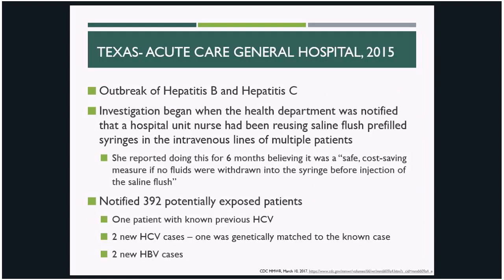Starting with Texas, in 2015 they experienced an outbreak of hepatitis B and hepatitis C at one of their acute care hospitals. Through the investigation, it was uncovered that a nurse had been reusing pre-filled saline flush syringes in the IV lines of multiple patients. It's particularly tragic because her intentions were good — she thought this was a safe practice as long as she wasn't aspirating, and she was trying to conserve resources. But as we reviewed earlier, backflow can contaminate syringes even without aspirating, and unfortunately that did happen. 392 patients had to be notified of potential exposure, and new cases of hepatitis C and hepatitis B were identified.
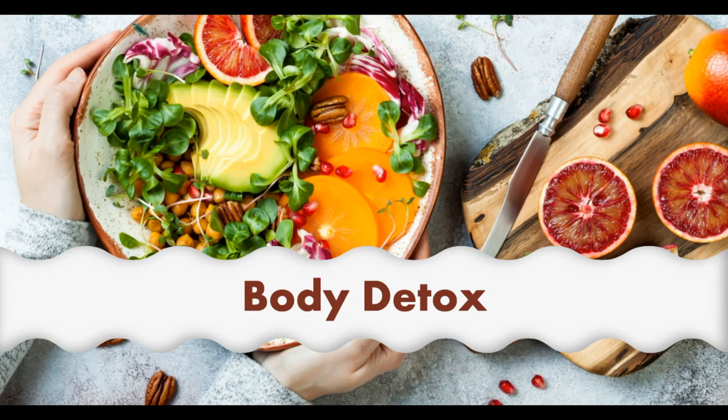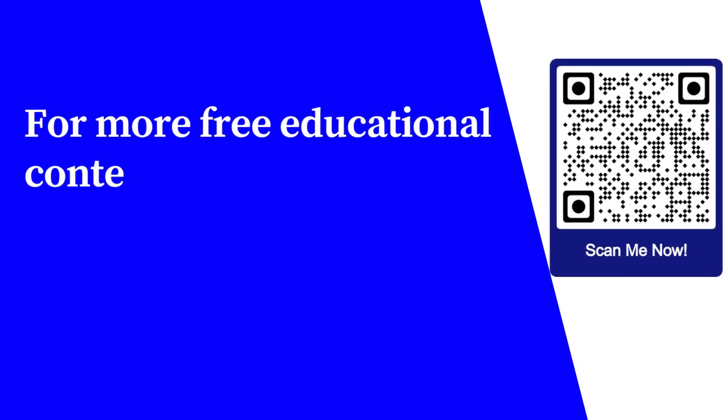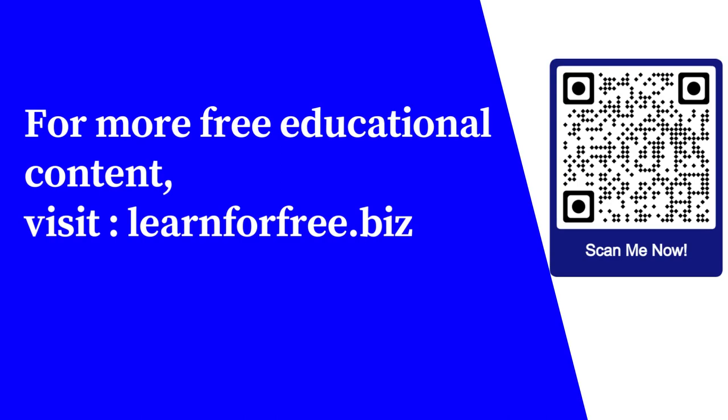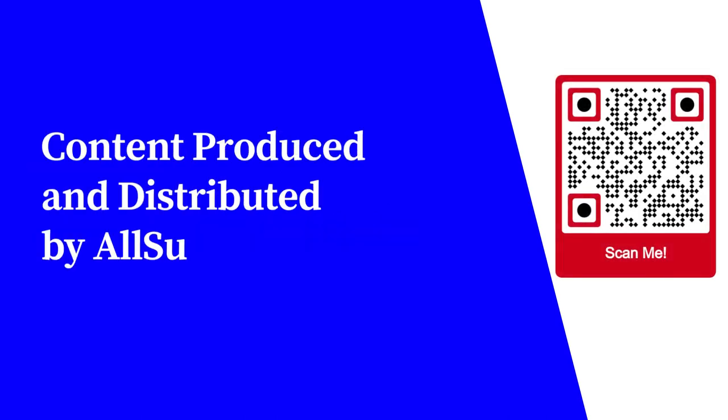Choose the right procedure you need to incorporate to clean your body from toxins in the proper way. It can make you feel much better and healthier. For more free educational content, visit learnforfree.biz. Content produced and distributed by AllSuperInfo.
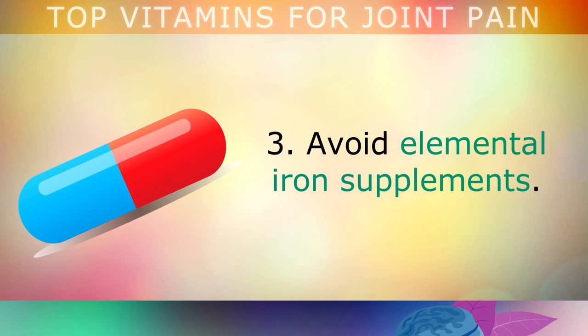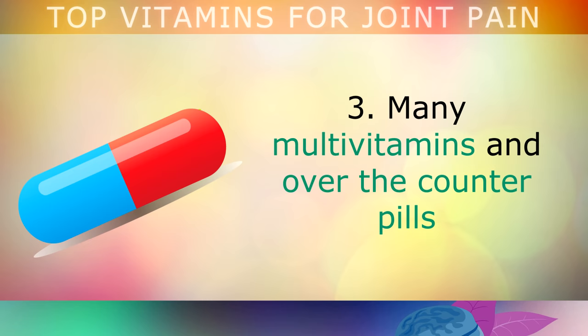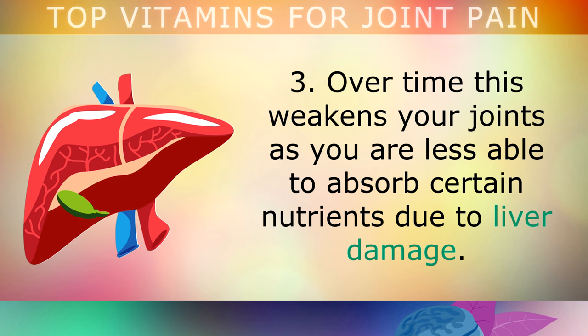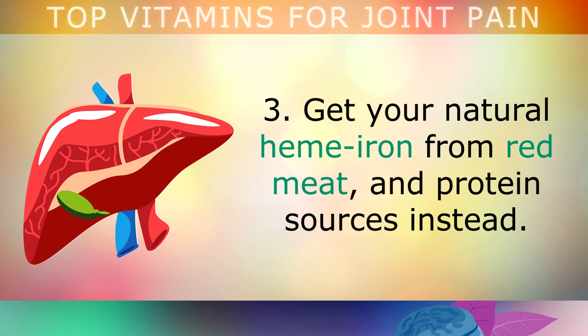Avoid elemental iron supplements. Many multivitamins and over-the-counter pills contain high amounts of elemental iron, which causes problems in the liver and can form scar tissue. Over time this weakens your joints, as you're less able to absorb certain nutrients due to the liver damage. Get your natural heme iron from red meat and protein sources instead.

++++++++++++++++++++

- WHAT IS NEEDED
Line for line, retype the material exactly, omitting any pictures.

- ANSWER TO THE PROBLEM
Starting with Texas, in 2015 they experienced an outbreak of hepatitis B and hepatitis C at one of their acute care hospitals. Through the investigation, it was uncovered that a nurse had been reusing pre-filled saline flush syringes in the IV lines of multiple patients. It's particularly tragic because her intentions were good — she thought this was a safe practice as long as she wasn't aspirating, and she was trying to conserve resources. But as we reviewed earlier, backflow can contaminate syringes even without aspirating, and unfortunately that did happen. 392 patients had to be notified of potential exposure, and new cases of hepatitis C and hepatitis B were identified.
Choose the right procedure you need to incorporate to clean your body from toxins in the proper way. It can make you feel much better and healthier. For more free educational content, visit learnforfree.biz. Content produced and distributed by AllSuperInfo.
Avoid elemental iron supplements. Many multivitamins and over-the-counter pills contain high amounts of elemental iron, which causes problems in the liver and can form scar tissue. Over time this weakens your joints, as you're less able to absorb certain nutrients due to the liver damage. Get your natural heme iron from red meat and protein sources instead.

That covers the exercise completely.